El sionismo respira aliviado al recibir a un Obama serio en sus intenciones de acorralar a Teherán y dispuesto a no respaldar las aspiraciones del pueblo de Arafat

Autor:

Jorge L. Rodríguez González

OBAMA no soporta a Netanyahu. Ese dejó de ser un secreto bien guardado cuando, hace dos años, ante la queja de Nicolás Sarkozy —entonces presidente francés—, de que el Primer Ministro israelí era un mentiroso, el jefe de la Casa Blanca espetó: «Tú estás harto de él, pero yo tengo que tratar con él todos los días».

La desconfianza es mutua. El Primer Ministro sionista no se ha sentido cómodo con un presidente estadounidense que le ha criticado la expansión de los asentamientos ilegales en tierras palestinas o que le pone frenos cuando quiere atacar a Irán. Por eso sus coqueteos con Mitt Romney, el candidato republicano, a quien apoyó en la campaña electoral.

Sin embargo, lo que se vio esta semana distó mucho de ser una relación difícil.

Porque hay cuestiones que están por encima de las desavenencias y la falta de química entre ambos políticos. Se trata de una vieja e inquebrantable alianza, que la Casa Blanca no puede descuidar. No pocas presiones debe haber recibido Obama para armarse de protocolo e ir a limar asperezas y tranquilizar a Netanyahu.

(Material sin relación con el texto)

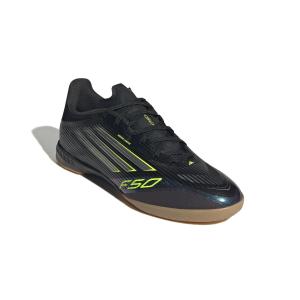 product/a/d/adidas_jh7720_5_footwear_photography_front_lateral_top_view_white-nw091625.jpg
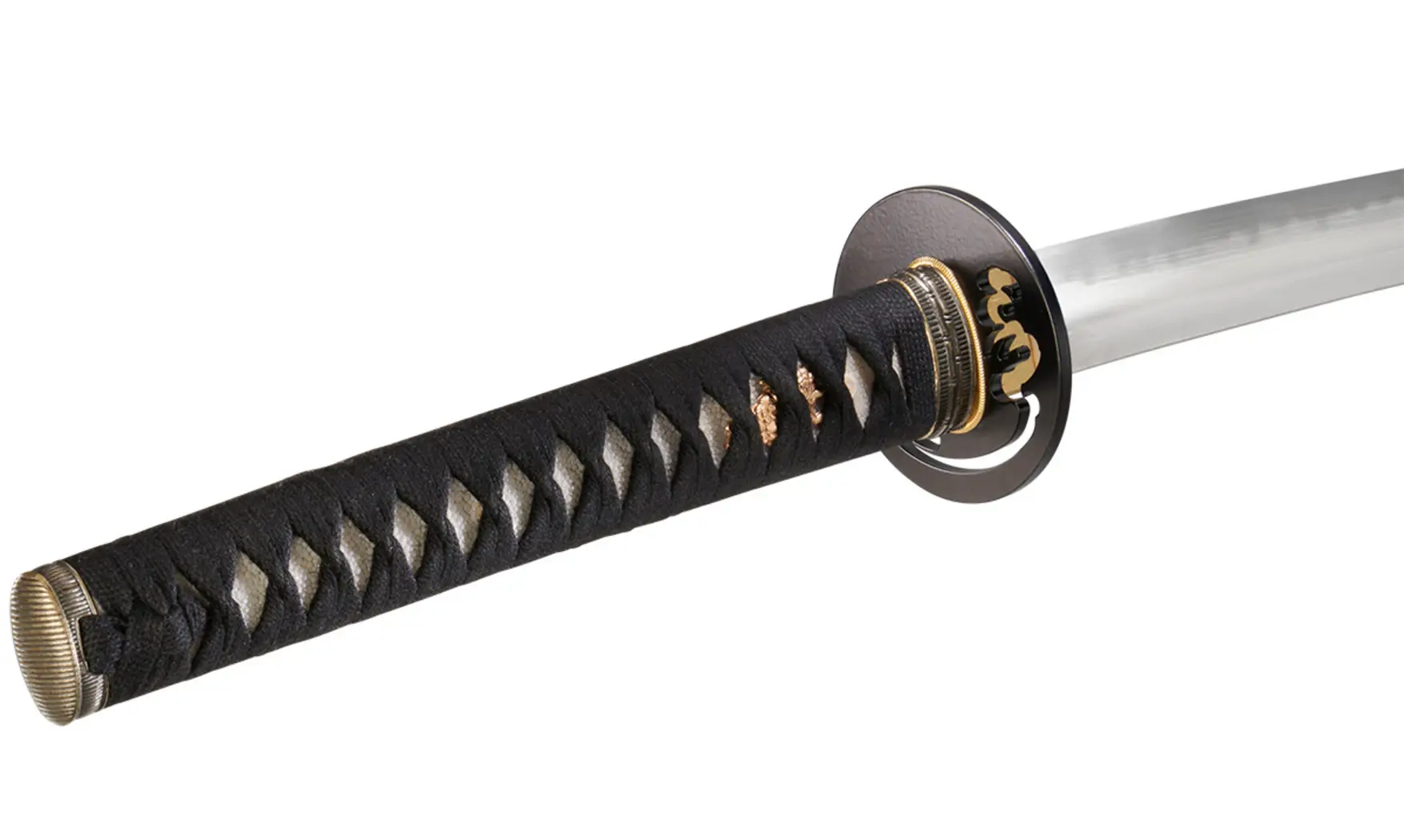 Katana Ookaze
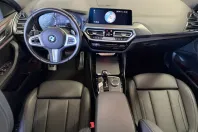 BMW X4 din 2022 cu 53.100 km - oferta BMW118962 - foto 15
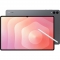 SAMSUNG 三星平板 Tab S11 Ultra 5G 12G/512G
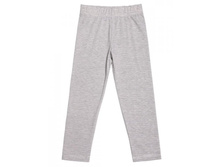 95�99 �����. ���� 196�.jpg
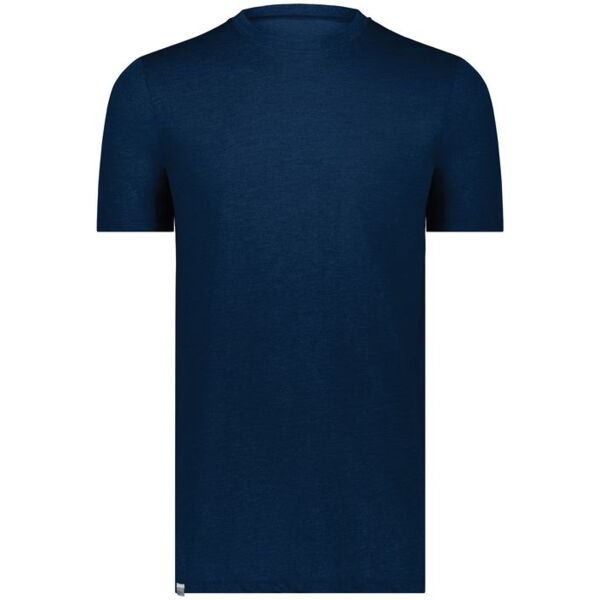 Eco-Revive Tri-Blend Tee Thumbnail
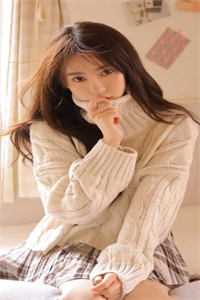 掠影浮光黄泉落宋云廷秦薇免费阅读完整版在线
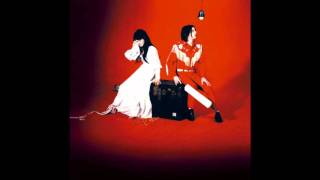 The Story Behind 'Seven Nation Army' By The White Stripes Ultimate Guitar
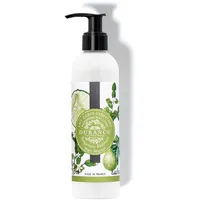 Durance sas Durance Les Eternelles Strahlende Bergamotte Bodylotion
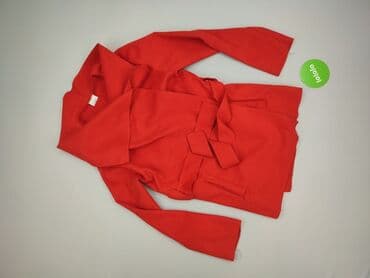 дублянка жіноча польща: Women`s trench, size M (EU 38) — 2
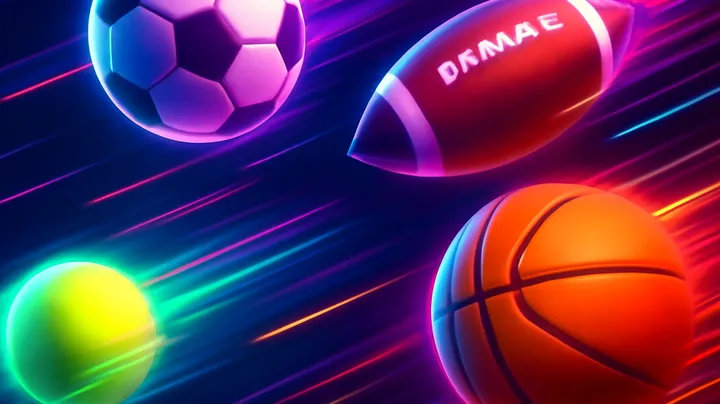 Understanding Betting Odds with TAKA688 COM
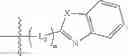 Fig. 08 - Compound, material for an organic electroluminescent device and application thereof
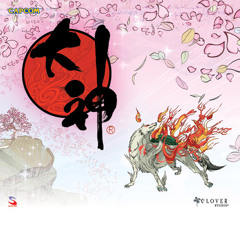 1 - 22 妖怪退治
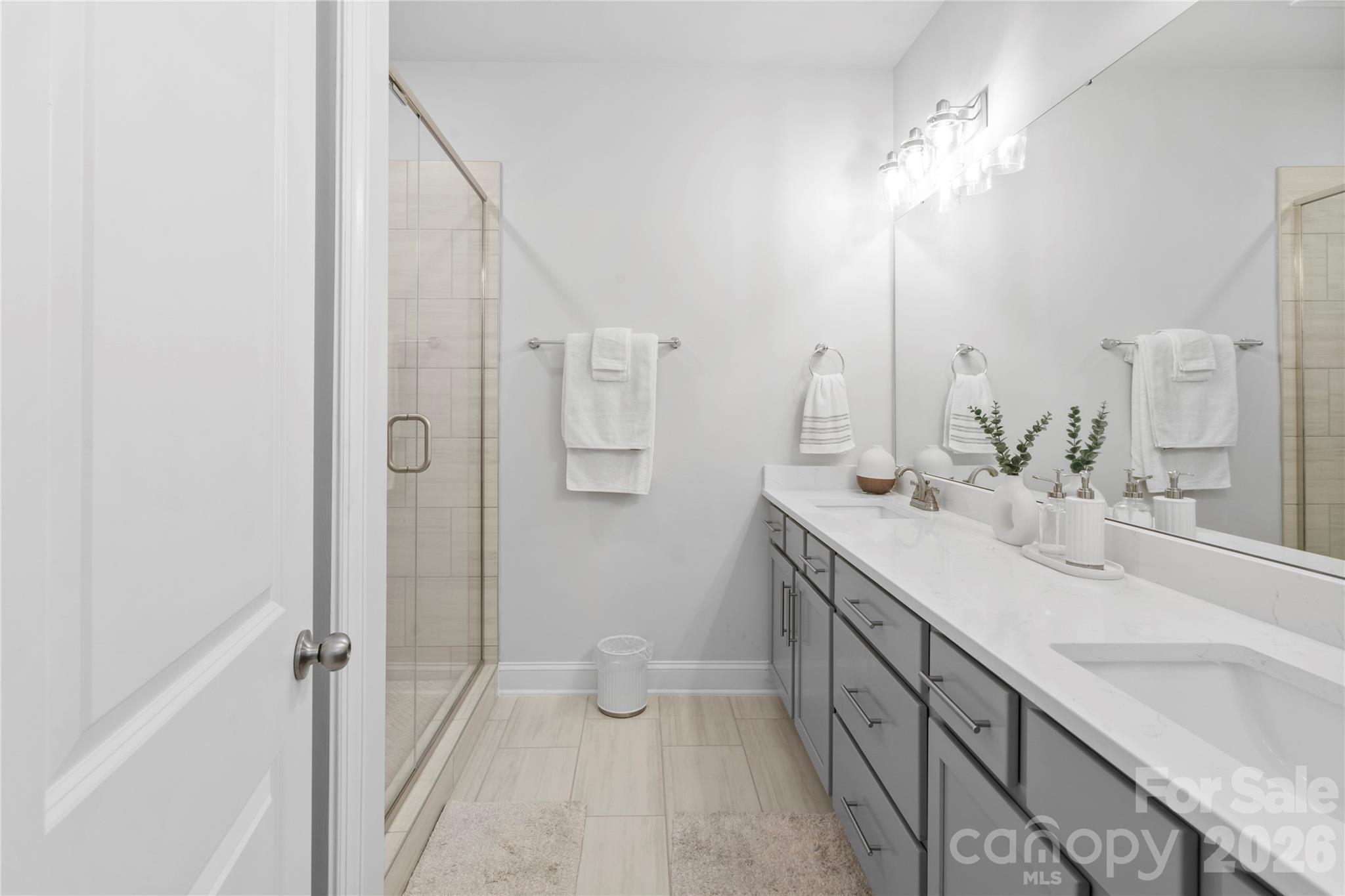 Roseglen - Residential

Como este no ha sido santo de su devoción, y teniendo en cuenta que el viaje a Israel es una de esas cosas que un presidente estadounidense no puede dejar de hacer, Obama se encargó de calentar un poco el camino con declaraciones en las que se refirió al Primer Ministro por su apodo Bibi. Habló de una «tremenda relación», basada en la confianza mutua. «Él es directo conmigo sobre su visión de las cosas, y yo soy muy franco con él sobre mis opiniones», dijo en una entrevista exclusiva al canal 2 israelí.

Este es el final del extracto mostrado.